It’s a rare opportunity to see an entire comic book universe relaunched from scratch. It’s really impressive, essentially as a ground floor project. In five months, there’s more content than five years of the Ultimate Universe, which was the result of a much slower effort to build a shared superhero universe.
Quesada often mentioned in interviews how deliberative the writers and editors at Marvel were with the Ultimate comics. They launched new series slowly (with Ultimate X-Men coming a few months after Ultimate Spider-Man, and Ultimate Marvel Team-Up coming a few months after Ultimate X-Men) just so they would take the time to get everything right, though there were still a few screw-ups. The Ultimate Fantastic Four was not the team seen in Ultimate Marvel Team-Up #9. The line was limited to four monthlies at a time, to prevent overexposure.
Ten years later, DC launched 52 books in the same month, creating a shared universe with all sorts of interconnected plots. Something that happens to Joker in Detective Comics affects Harley Quinn in Suicide Squad. Green Arrow’s company Q-Core is referenced in plenty of other titles, suggesting that Oliver Queen is a major player in business. And then there was that creepy mystery woman who appeared in every first issue.
Some titles continued continued earlier stories and creative runs, but the majority of the books started on the ground floor, regardless of where the characters were in the old DCU. Morrison’s first arc of Action Comics, and Johns/ Lee’s Justice League could just as easily have been the first arcs of an Ultimate DC line, while Blue Beetle, Stormwatch, Voodoo, Grifter, Teen Titans, Superboy, Supergirl and others were almost complete reboots.

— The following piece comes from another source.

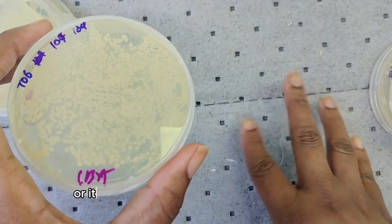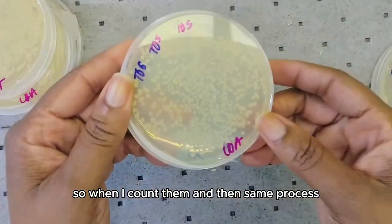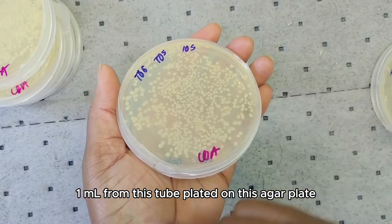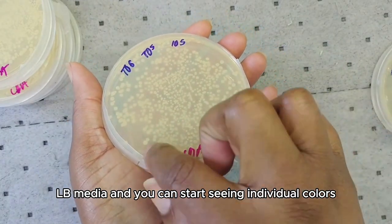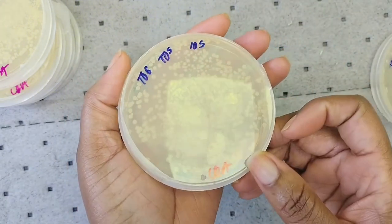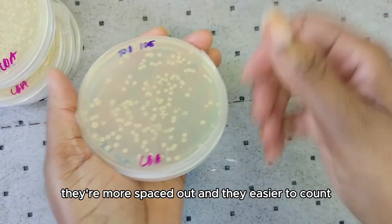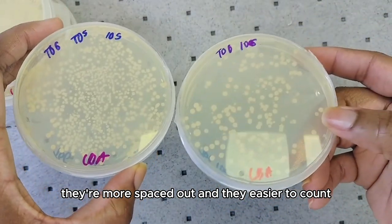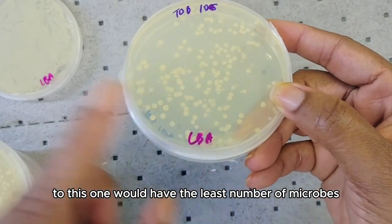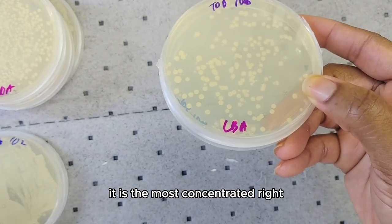What I want is individual colonies that fall between 30 to 300, or it could be 20 to 200 colony forming units. The same process — 1 mL from this tube plated on this agar plate; they're all LB media. You can start seeing individual colonies. I still think this is a bit much, so I'm going to use my final tube. As you can see the colonies are more spaced out and easier to count, so this one has the least number of microbes.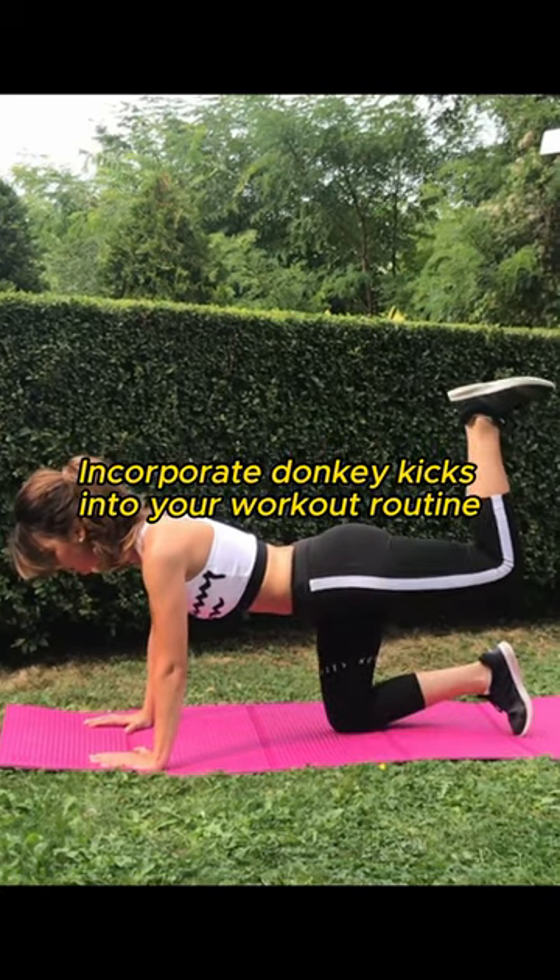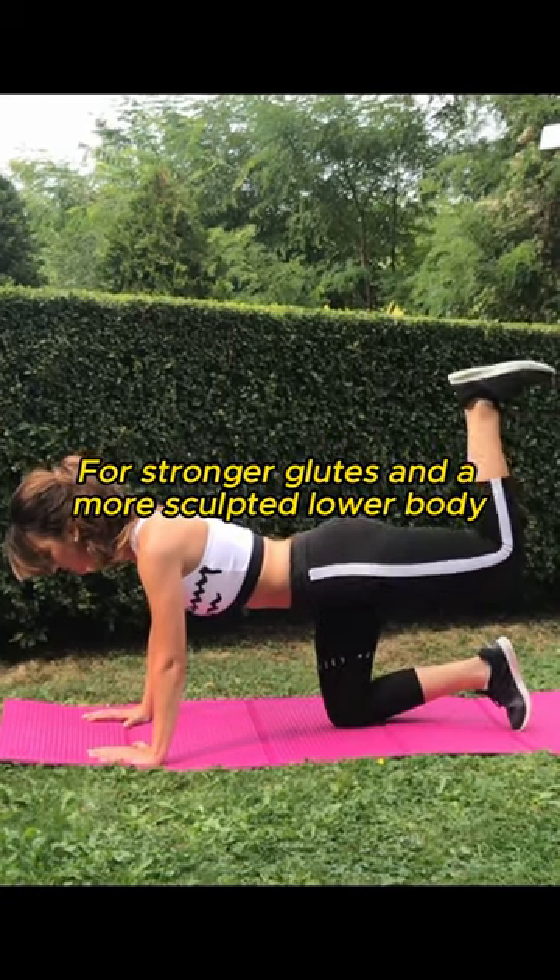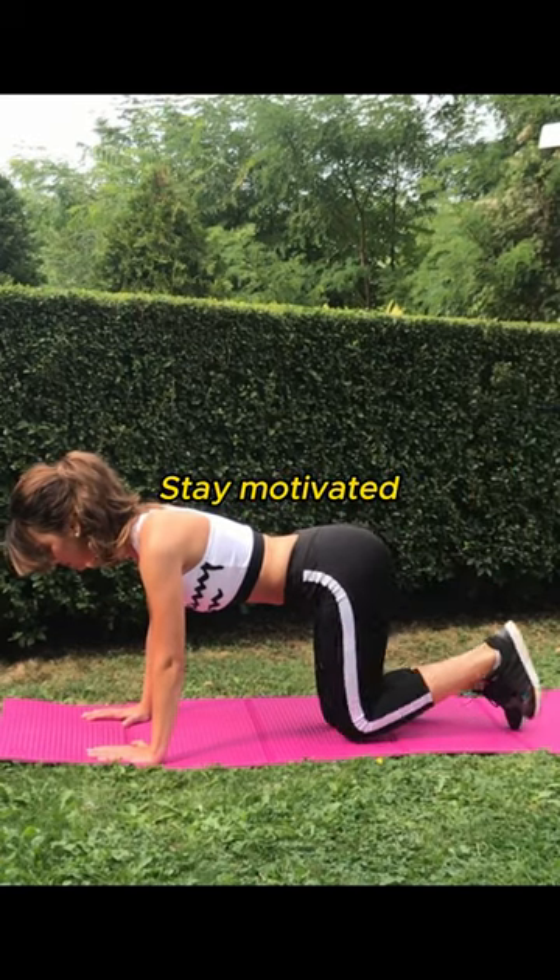Incorporate donkey kicks into your workout routine for stronger glutes and a more sculpted lower body. Stay motivated, and I'll see you next time.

For the hell of it, I decided to read the first five issues of all 52 titles and rank them from worst to best, starting tomorrow. I’m going to exclude the various mini-series that launched after September 2011. One thing that’s impressive about the relaunch is the record on punctuality. An issue of Justice League was one week late, and that’s it. And that wasn’t exactly the case with the first 260 issues of Ultimate Marvel. Though to be completely fair, I’ve yet to be as impressed by the first 260 issues of the new DC as I was by the first 26 issues of Ultimate Marvel.